Risi Comp will, as the legendary University of Texas Football Coach Daryl Royal once said, “dance with who brung us”, which means Melo and Kaffer handling the driving chores for our Rosso Corsa clad Ferrari 430GT. We had a brilliant start to the year with a win at Sebring and a rather inglorious second race at St. Petersburg, where we DNF’d after leading early (we also had the pole) due to suspension failure. Analysis complete, the team doesn’t expect THAT to happen again and does expect to be very competitive at Long Beach.
We have had success at this track before. Winning in 2007 with Mika Salo and Jaime Melo driving. . We did not do so well in 2008, but two races later we won the 24 Hours of Le Mans, so……not a bad year, that 2008.
Practice time at Long Beach, like St. Petersburg, is severely restricted, a mere 90 total minutes of pre-qualifying practice, so we will count on Rick Mayer’s legendary memory of how to set up the car up for this particular circuit and Jaime Melo’s ability to dial it in quickly (he was the development driver for the 430GT project at Ferrari). Kaffer is a very quick study in the 430GT (he is also a mechanical engineer) and his input adds immensely to the Risi Comp braintrust. A quick path to the optimum setup is a key to victory here and I believe we will get to the proper setup and race pace very expediently.
Here is what expect: it’s a tight track and passing spots are few and far between. It is not a tough track on brakes because there are enough straights to keep the brakes cool. The track is uneven because it’s a street course. There will be celebrities in the stands and in the pits but we will be unable to fulfill their requests for new Ferrari California convertibles because they live in Los Angeles and not in Houston. The stands will be packed. The atmosphere will be electric. Jaime Melo will put on an amazing show during qualifying. The pits will be crowded and jammed and the yellow flags will be few, because the car count is down and there are fewer things to hit on the track. The hairpin will equalize P1 and P2 cars. The Zone may be achieved, again.
Here’s what not to expect: another DNF due to suspension problems for the Ferrari 430GT. Last place on the grid due to poor qualifying speed.
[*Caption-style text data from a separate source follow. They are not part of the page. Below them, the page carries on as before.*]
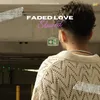 Faded Love - Slowed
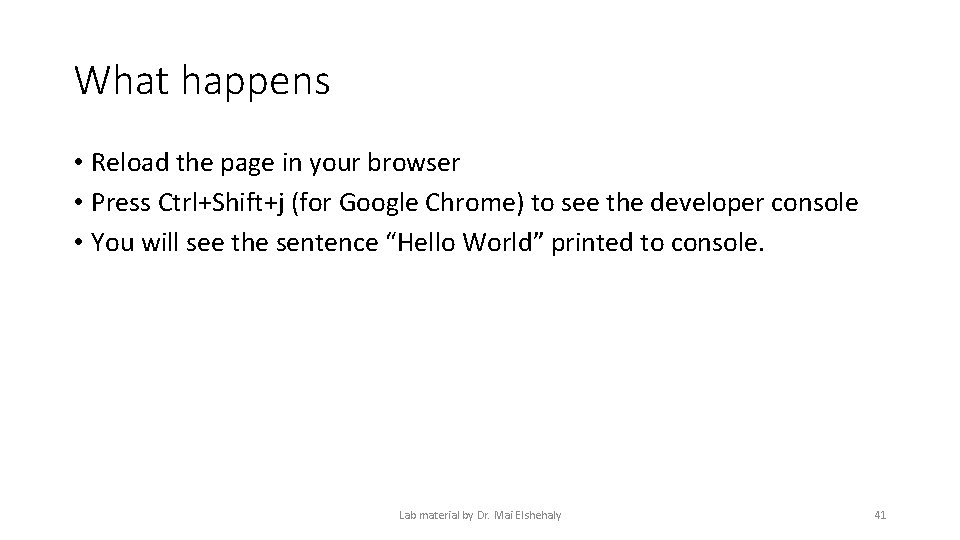 What happens • Reload the page in your browser • Press Ctrl+Shift+j (for Google What happens • Reload the page in your browser • Press Ctrl+Shift+j (for Google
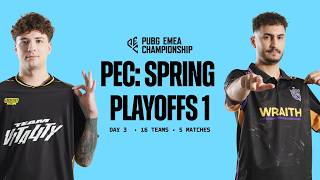 PEC: Spring - Playoffs 1 - Day 3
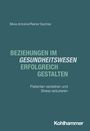 Silvia Antoine: Beziehungen im Gesundheitswesen erfolgreich gestalten, Buch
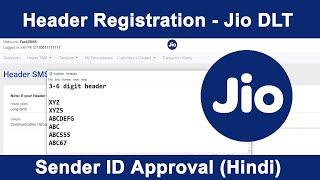 Jio DLT Header Registration Guide | Sender ID Approval in Jio DLT | Approve 3 to 6 Digit Headers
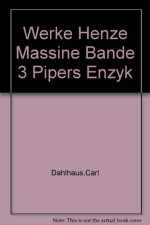 Werke Henze Massine Bande 3 Pipers Enzyk - Carl Dahlhaus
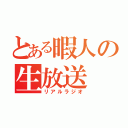 とある暇人の生放送（リアルラジオ）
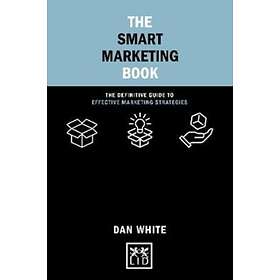The Smart Marketing Book av Dan White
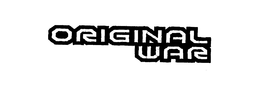 ORIGINAL WAR trademark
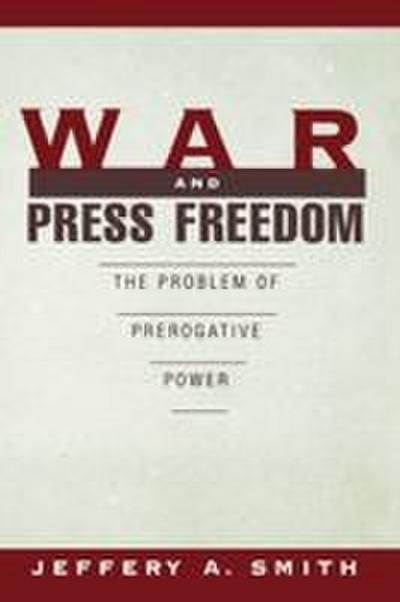 War and Press Freedom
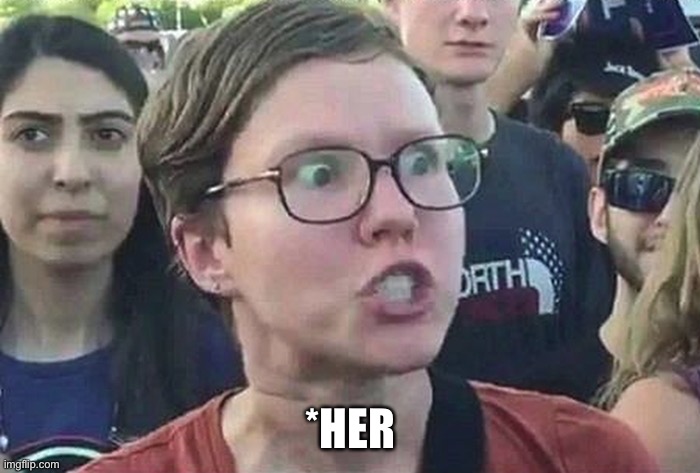 Triggered Liberal | *HER | image tagged in triggered liberal | made w/ Imgflip meme maker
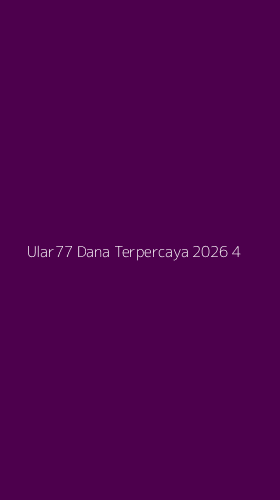 Tampilan Antarmuka Aplikasi Ular77 Dana Terpercaya 2026 - 4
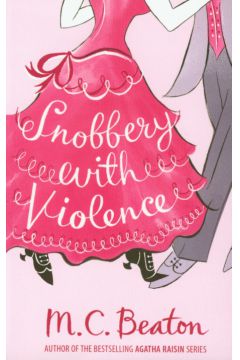 Snobbery with Violence - Beaton M.C.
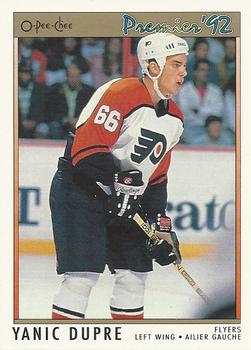 #16 Yanick Dupre - Philadelphia Flyers - 1991-92 O-Pee-Chee Premier Hockey
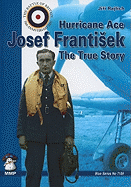 Hurricane Ace Josef Frantisek - Rajlich, Jiri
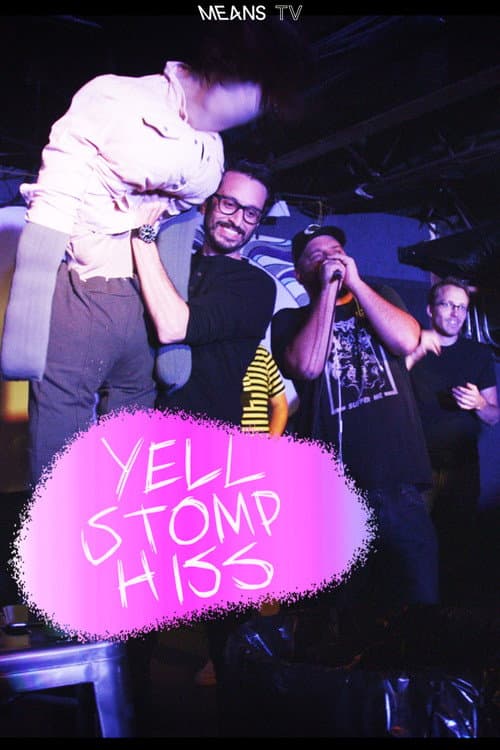 Poster for Yell, Stomp, Hiss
An inability to take advantage of the course and the strategy. A lack of competitive zeal from the Porsche and BMW factory teams (they’re here to win, too). It will not be a walkover for any team.
“One of These Nights” by The Eagles was the opening cut in their seminal “HOTEL CALIFORNIA” Album. It’s a song written about Los Angeles and it pretty much sums up the sentiment at Risi Comp as we get ready for battle at the concrete jungle that is the Long Beach Grand Prix.
We’re here. We’re pumped. Let’s race.
“You got your demons
You got desires
Well, I got a few of my own”
—One of These Nights. Eagles
You got it.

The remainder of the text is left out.